I admit it's not entirely clear what the author's point is, but that doesn't
mean you get to fill in your own and pretend like the author said it.

I'm pretty skeptical of a lot of feminism, but there's nothing particularly
outrageous being said here.

------
graycat
The seven year old girl was correct: It was not really a _comic book_ store in
the sense she had in mind. Instead it was a store with _comic books_ for
teenage boys and men and even there a fairly narrow audience. The store was
definitely not for children, especially not for grade school or younger girls.

A lesson she might have learned: It's a big world out there, and some of it,
e.g., the view of women in that store, is not good, and sometimes, too often,
in life we have to be selective.

It's been a while since my brother and I were in grade school and he was
collecting comic books.
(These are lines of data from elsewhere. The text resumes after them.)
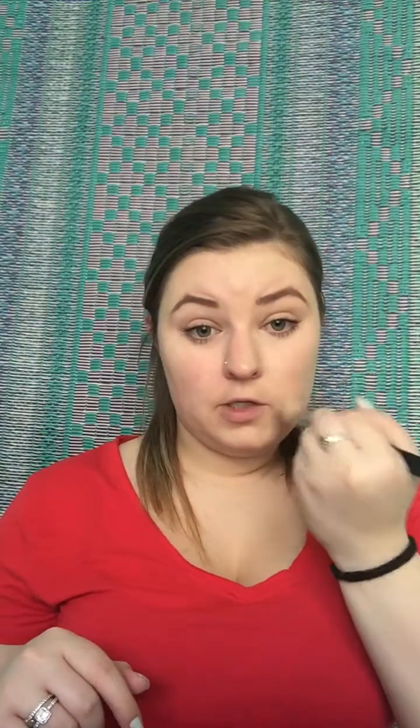So here we go — this is the BB cream with no concealer. This half of my face has no concealer, and as you can see it actually does cover a good amount. You can still see some of the redness in my skin. We're going to blend it out with my blending bud so you can see the full thing, because if you leave it it's a little creamy. So we just dab it out. That is half a face with only the BB cream, no concealer.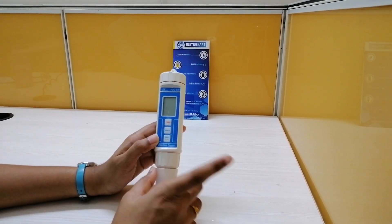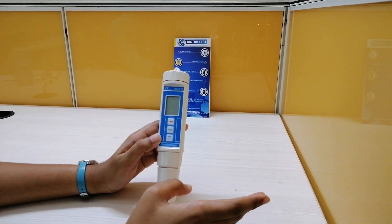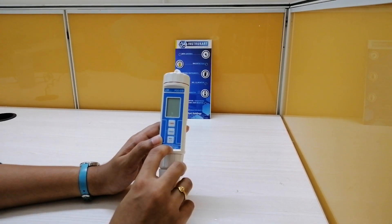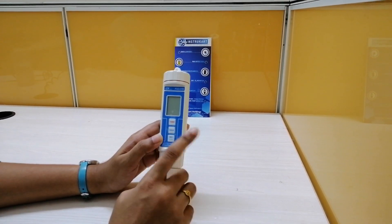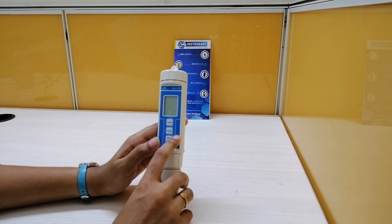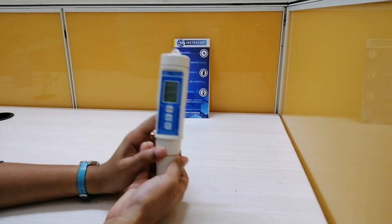The operating temperature and humidity will be 0 to 50 degrees centigrade with less than 80% RH humidity. Coming to the power supply, we use 4 pieces of AAA batteries for this particular instrument, and the weight is around 150 grams.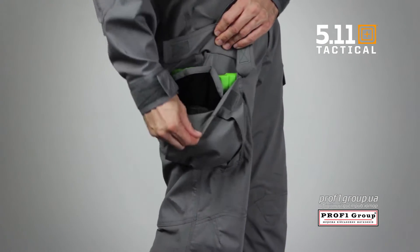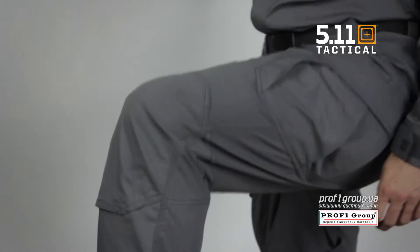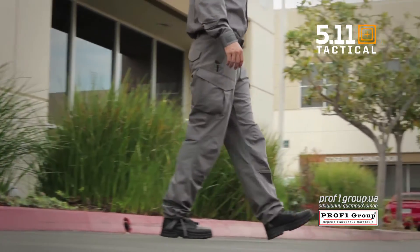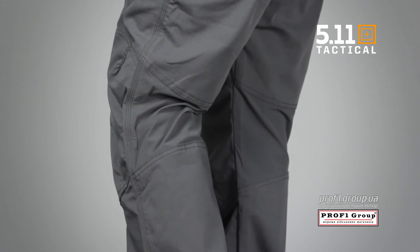This pant comes with canted, ergonomically placed cargo pockets, a gusseted crotch, and articulated knees for a great range of motion. The double-layered knees are neoprene knee pad compatible. There's reinforced construction throughout the pant, and the stretch panels behind the knees provide added comfort.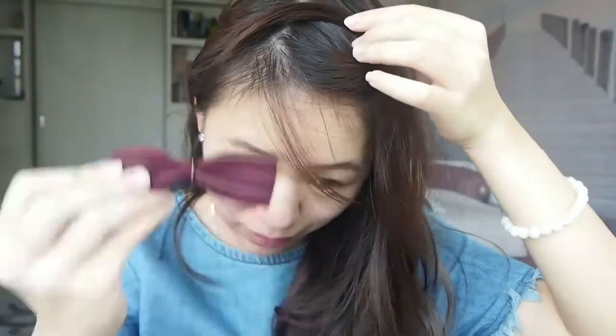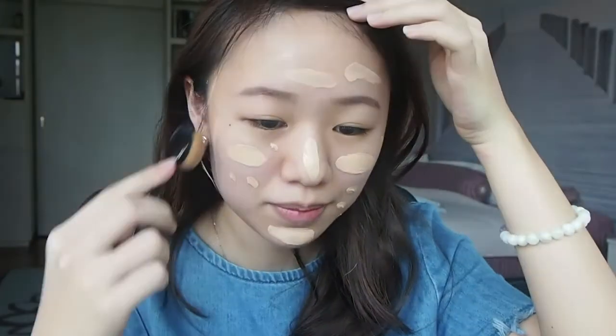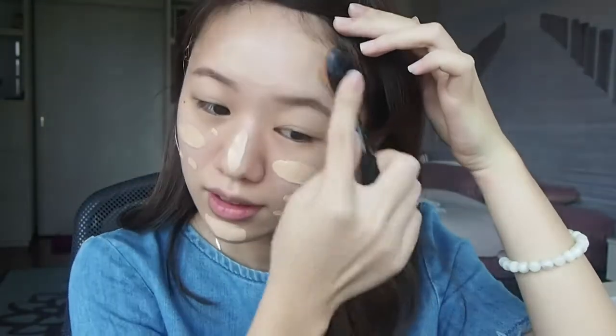For this whole video I'm gonna be talking to you guys, which is really weird for me because I've never done it. Let's start off with foundation. I got mine from La Paris. I'm just gonna clip my hair up — whenever I clip my fringe up I look really weird because I have a really big forehead. I'm just gonna put it on my face with my brush.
So, only vaguely do I remember Donald Duck and Batman,
and those comic books weren't right up against the line, the other side of
which was porn.

Instead, say, take your seven year old daughter to a music store, not one for
_pop_ music but one where seven year old girls have a nice violins and are
learning the "Preludio" to the Bach E major _Partita_ for unaccompanied
violin,

[https://www.youtube.com/watch?v=2KYRdRnnBYw](https://www.youtube.com/watch?v=2KYRdRnnBYw)

with Hillary Hahn, the _Chaconne_ of Vitali,

[http://www.youtube.com/watch?v=i4B1ifcWa9o](http://www.youtube.com/watch?v=i4B1ifcWa9o)
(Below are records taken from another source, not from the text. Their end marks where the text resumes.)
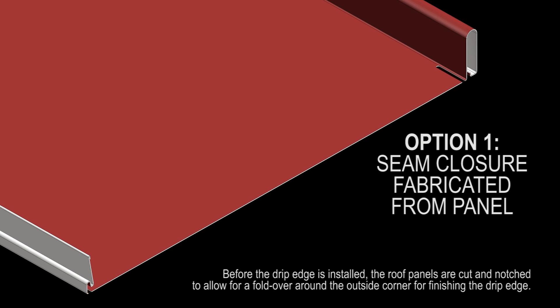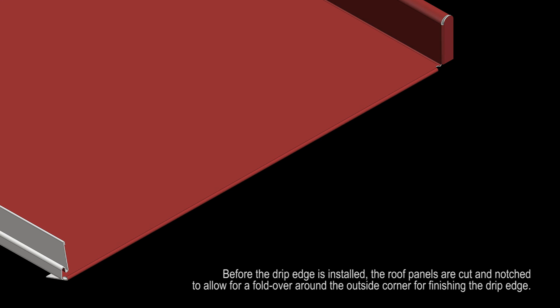Before the drip edge is installed, the roof panels are cut and notched to allow for a fold over around the outside corner for finishing the drip edge.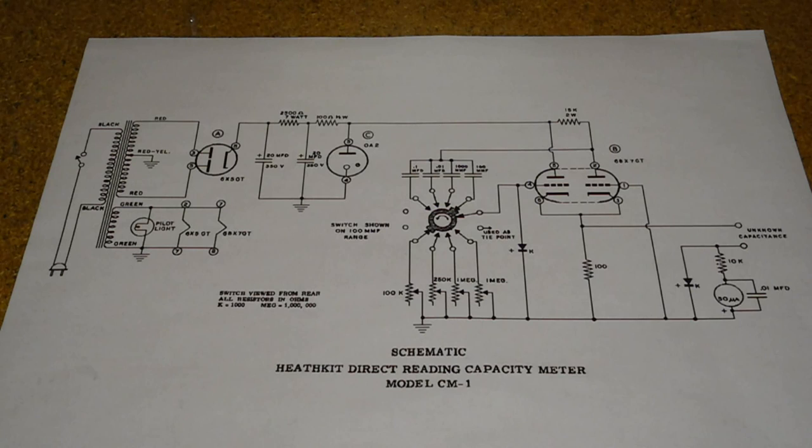The unit measures capacitance by rectifying a square-sided pulse and reading the average value of the voltage on the meter. The impedance of the circuit, including the capacitor under test, determines the shape of the waveform and consequently the average value. The power supply uses a transformer to isolate the unit from the AC line, producing 6.3 volt heater voltage for two of the tubes and the pilot lamp. A high voltage winding goes to a 6X5GT full wave rectifier, filtered by two electrolytic capacitors and resistors. A 0A2 gas regulator tube maintains a constant 150 volts so that the unit remains accurate if the power line voltage fluctuates.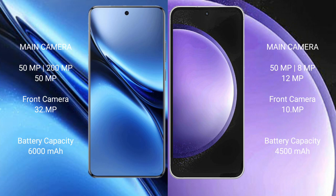Vivo X200 Pro packs a 6000mAh battery with 90W fast charging support. Samsung Galaxy S23 FE has a 4500mAh battery with 25W fast charging support.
with David Oistrakh, the Bach "Chaconne"

[http://www.youtube.com/watch?v=Tezau3hlRxs](http://www.youtube.com/watch?v=Tezau3hlRxs)

with Alina Ibragimova, or the Bach Busoni piano version

[https://www.youtube.com/watch?v=sOFflFiLlT8](https://www.youtube.com/watch?v=sOFflFiLlT8)
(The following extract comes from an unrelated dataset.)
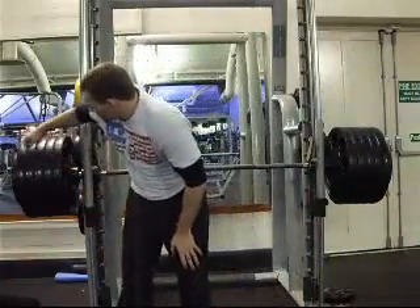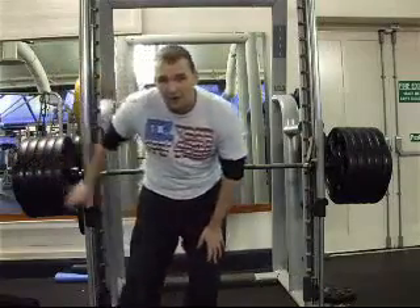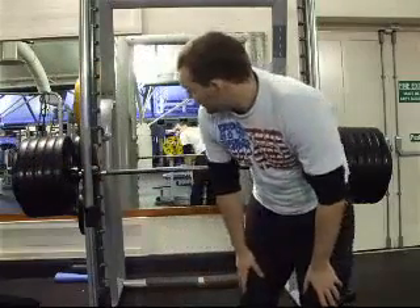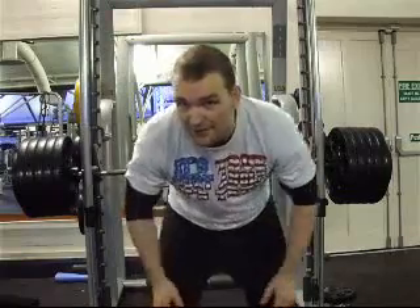At the moment we've got 1, 2, 3, 4, 5 — 20 kg plates and a 10 on each side. So that's 220 kg, which is over 500 pounds. So again it's not a really spectacular demonstration of leg strength, but you'll get the point.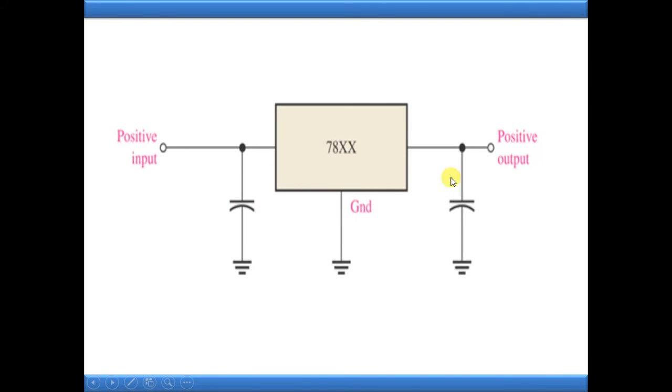As shown in this diagram, I have connected two capacitors - one at the input terminal side and another at the output terminal side. These capacitors are for filtering purposes. The unregulated power supply is connected to the capacitor's positive terminal and then to the input terminal of the 78xx IC. For example, if it is 7805, the output will be a constant 5 volts - a regulated power supply.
with Valentina Lisitsa, a store where the seven year old violin students are
looking forward to playing the violin part to the Wagner "Prelude to Act I" of
_Lohengrin_

[http://www.youtube.com/watch?v=7prUFflX0_E](http://www.youtube.com/watch?v=7prUFflX0_E)

with Otto Klemperer, also from the same opera _In fernem land_

[https://www.youtube.com/watch?v=hHHCeEO_0-4](https://www.youtube.com/watch?v=hHHCeEO_0-4)

with Peter Anders and, of course, especially since she is a seven year old
girl, starting at about 3:00, the bridal chorus

[https://www.youtube.com/watch?v=ebx9KhcnyLM](https://www.youtube.com/watch?v=ebx9KhcnyLM)

with Andris Nelsons. Of course, also tell her the story of _Lohengrin_.

More? Sure: Camille Saint Saens "Mon coeur s'ouvre à ta voix" from _Samson et
Dalila_

[http://www.youtube.com/watch?v=X79OkSayPSw](http://www.youtube.com/watch?v=X79OkSayPSw)

with Elina Garancas.

More generally expose her to places and media content where girls and women
are actually doing things, good things. E.g., currently there is the _Nova_
program on he LHC and the Higgs boson at

[http://www.pbs.org/wgbh/nova/physics/big-bang-
machine.html](http://www.pbs.org/wgbh/nova/physics/big-bang-machine.html)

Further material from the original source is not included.